(Work to be completed)
Transcribe, with complete accuracy, all of the entries below except for the pictures.

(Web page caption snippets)
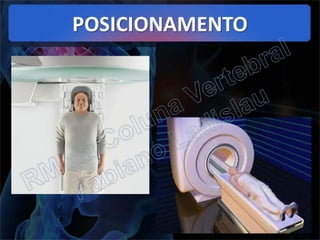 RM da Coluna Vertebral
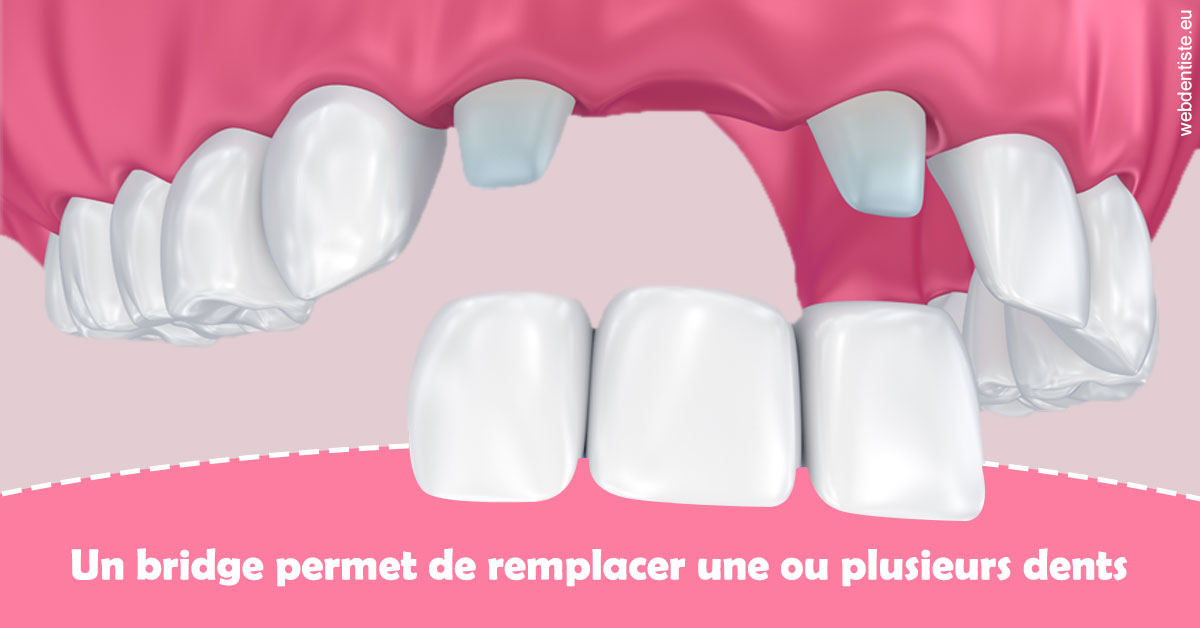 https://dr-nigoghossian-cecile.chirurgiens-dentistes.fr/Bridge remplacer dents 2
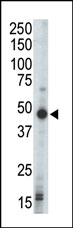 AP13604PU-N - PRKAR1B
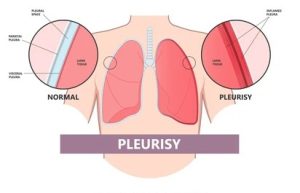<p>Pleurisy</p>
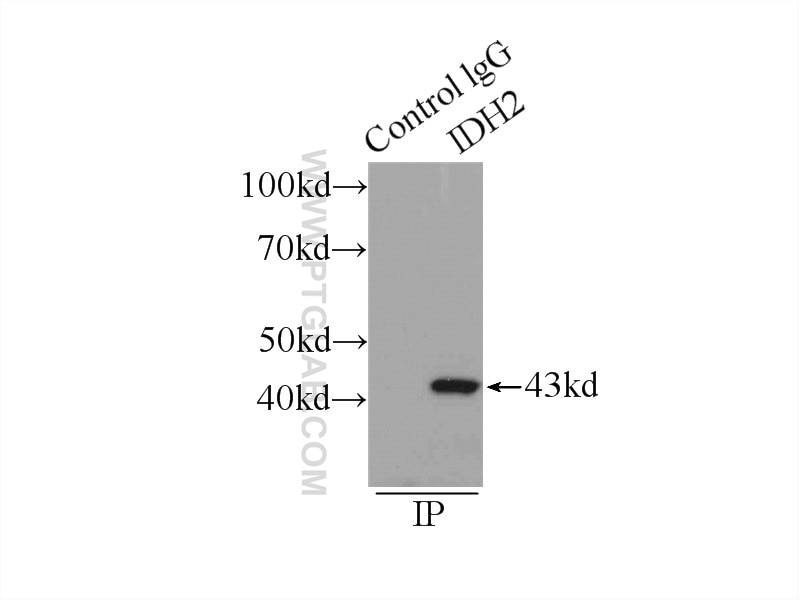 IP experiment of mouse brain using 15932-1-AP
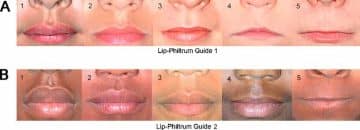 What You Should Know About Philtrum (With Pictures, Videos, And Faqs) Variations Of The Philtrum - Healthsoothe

(Exercise output)
 RM da Coluna Vertebral
 https://dr-nigoghossian-cecile.chirurgiens-dentistes.fr/Bridge remplacer dents 2
 AP13604PU-N - PRKAR1B
<p>Pleurisy</p>
 IP experiment of mouse brain using 15932-1-AP
 What You Should Know About Philtrum (With Pictures, Videos, And Faqs) Variations Of The Philtrum - Healthsoothe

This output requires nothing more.